Era una de esas milongas de un gran evento, en el que había muchísima gente: los milongueros y milongueras parecían hormiguitas en la pista de baile, quizás porque yo ese día encontré un lugar en altura para sentarme, donde se apreciaba cada rincón, cada abrazo, cada sonrisa.

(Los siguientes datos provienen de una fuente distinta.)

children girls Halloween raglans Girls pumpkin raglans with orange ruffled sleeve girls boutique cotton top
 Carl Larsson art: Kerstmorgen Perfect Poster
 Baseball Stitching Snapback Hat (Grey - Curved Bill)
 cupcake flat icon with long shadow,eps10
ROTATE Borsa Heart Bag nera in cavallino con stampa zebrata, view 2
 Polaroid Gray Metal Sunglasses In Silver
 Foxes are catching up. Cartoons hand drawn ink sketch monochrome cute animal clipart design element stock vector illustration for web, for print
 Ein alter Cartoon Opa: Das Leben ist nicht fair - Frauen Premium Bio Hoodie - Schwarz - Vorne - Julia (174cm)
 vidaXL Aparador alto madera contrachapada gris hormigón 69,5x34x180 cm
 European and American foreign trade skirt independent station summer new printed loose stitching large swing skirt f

Lo menos bueno de ese lugar era que se hacía especialmente difícil el cabeceo si el chico no miraba un poco hacia arriba. Aún así disfruté durante bastante tiempo viendo bailar a la gente y quedándome con las caras de los bailarines con los que me apetecía bailar. Con unos cuantos lo conseguí, pero hubo uno que me tenía totalmente encandilada y que encima, se me resistía. Para mi mala suerte, al sentarse, tras tres tandas seguidas, fue a hacerlo cerca de los maestros. Dudé. Él no miraba hacia donde yo estaba ni de casualidad, así que utilizando esas artes de brujas que tenemos algunas, me paseé cerca suyo para ver si había suerte y me veía. Nada.
Mientras regresaba de nuevo a mi sitio me interceptó otro chico y me invitó a bailar. Disfrutamos de una tanda maravillosa en la que hubo caminaditas, algún giro y un precioso abrazo. Después regresé feliz a ocupar mi silla y saqué mi abanico. Mientras lo hacía vi que él por fin miraba hacia donde yo estaba. Así que sin entender a día de hoy qué es lo que me impusó a hacerlo, le miré a los ojos y le cabeceé yo a él.Era la primera vez que intentaba un cabeceo y el gesto que me salió fue un levantamiento de cejas, similar al que marcas a tu pareja jugando al mus cuando tienes duples. Vi su cara de sorpresa y luego miró hacia los lados, supongo que comprobando que realmente era a él a quien le hacía ese especie de cabeceo o para comprobar si realmente era un cabeceo, qué se yo. Ya de mojada, al río, y para que no tuviera duda alguna, le sonreí. Él me devolvió la sonrisa, aunque aquello era más bien era una risa en toda regla, se levantó y se dirigió hacia mi.
Fui algo escandalosa, lo reconozco, y me hubiera muerto de la vergüenza si no se levanta porque creo que media milonga se dio cuenta, pero mereció la pena el esfuerzo. ¡Vaya tanda que me brindó! Después de eso decidí que ya me podía ir a dormir... a seguir soñando y nada más.